Four-- These are 40-micron wires, less than half a human hair's width.
And that holds that whole suspension and moves it in X and Y. So that
allows us to stabilize for the hand shake.
In the camera lab, engineers calibrate the camera to perform in any type of lighting.
Graham Townsend: Go to bright bright noon. And there you go.
Sunset now. There you go. So, there's very different types of quality of
lighting, from a morning, bright sunshine, for instance, the noonday
light. And then finally maybe--
Charlie Rose: Sunset, dinner--
Graham Townsend: We can simulate all those here. Believe it or not, to capture one image, 24 billion operations go on.
Charlie Rose: Twenty-four billion operations going on--
Graham Townsend: Just for one picture--
The company is known for focusing as much energy on how products
are marketed and sold as it does on the way they're designed and built.
We weren't sure what to make of it when Apple took us to this unmarked
warehouse off the main campus. Inside we found yet another prototype ---
a mock store where Apple's head of retail Angela Ahrendts is
continually refining new designs for Apple's 469 stores worldwide.
Charlie Rose, left, and Angela Ahrendts
CBS News
Charlie Rose: How many iterations of what I'm looking at have you gone through?
Angela Ahrendts: I mean, honestly there are meetings in here every
single week. And there's a floor set. We use this as a stage, and we
say, "This is rehearsal."
Ahrendts wants customers to be transfixed from the moment they walk through the doors.

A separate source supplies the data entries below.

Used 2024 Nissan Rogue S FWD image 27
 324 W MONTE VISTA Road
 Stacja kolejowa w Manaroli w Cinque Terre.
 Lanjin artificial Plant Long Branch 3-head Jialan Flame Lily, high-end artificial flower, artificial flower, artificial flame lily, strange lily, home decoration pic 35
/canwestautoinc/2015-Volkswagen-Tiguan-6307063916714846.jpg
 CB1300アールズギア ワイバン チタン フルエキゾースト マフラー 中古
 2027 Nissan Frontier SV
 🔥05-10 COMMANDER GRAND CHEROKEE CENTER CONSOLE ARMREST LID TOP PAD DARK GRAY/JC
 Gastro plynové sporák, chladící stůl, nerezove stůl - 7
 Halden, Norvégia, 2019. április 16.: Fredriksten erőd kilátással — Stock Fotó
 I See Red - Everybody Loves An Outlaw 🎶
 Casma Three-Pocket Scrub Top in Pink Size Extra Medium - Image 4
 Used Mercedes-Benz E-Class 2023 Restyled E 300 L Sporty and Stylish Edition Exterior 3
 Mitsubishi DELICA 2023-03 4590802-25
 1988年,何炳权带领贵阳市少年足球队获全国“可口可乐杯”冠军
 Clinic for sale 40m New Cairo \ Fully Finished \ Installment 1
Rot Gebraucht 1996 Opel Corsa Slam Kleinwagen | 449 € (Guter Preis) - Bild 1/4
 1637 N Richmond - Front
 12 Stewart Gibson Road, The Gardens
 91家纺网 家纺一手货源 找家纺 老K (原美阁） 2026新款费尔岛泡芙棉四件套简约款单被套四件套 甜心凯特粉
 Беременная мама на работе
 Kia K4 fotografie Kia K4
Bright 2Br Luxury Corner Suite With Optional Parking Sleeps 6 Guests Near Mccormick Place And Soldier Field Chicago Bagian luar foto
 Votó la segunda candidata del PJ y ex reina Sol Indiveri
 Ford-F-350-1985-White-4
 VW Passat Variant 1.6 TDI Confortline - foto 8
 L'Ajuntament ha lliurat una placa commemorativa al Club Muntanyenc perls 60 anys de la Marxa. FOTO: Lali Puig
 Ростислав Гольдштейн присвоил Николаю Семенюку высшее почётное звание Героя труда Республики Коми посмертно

Angela Ahrendts: The most important goal is, is that it is
dynamic. People are used to living on their phone. So they're used to
being dynamic, emotive, immersive. And so how do we make sure when they
walk into a store they say, "Wow"?
Apple's huge profit
margins --- roughly 40 percent across the board --- have made it the
most valuable company in the world, worth about $600 billion. People may
love their Apple products, but if there is one complaint you hear a
lot, it's that by the time you buy one, a newer, better version is
already on the way. Apple's head of marketing Phil Schiller admits that
the company often pits one product against another.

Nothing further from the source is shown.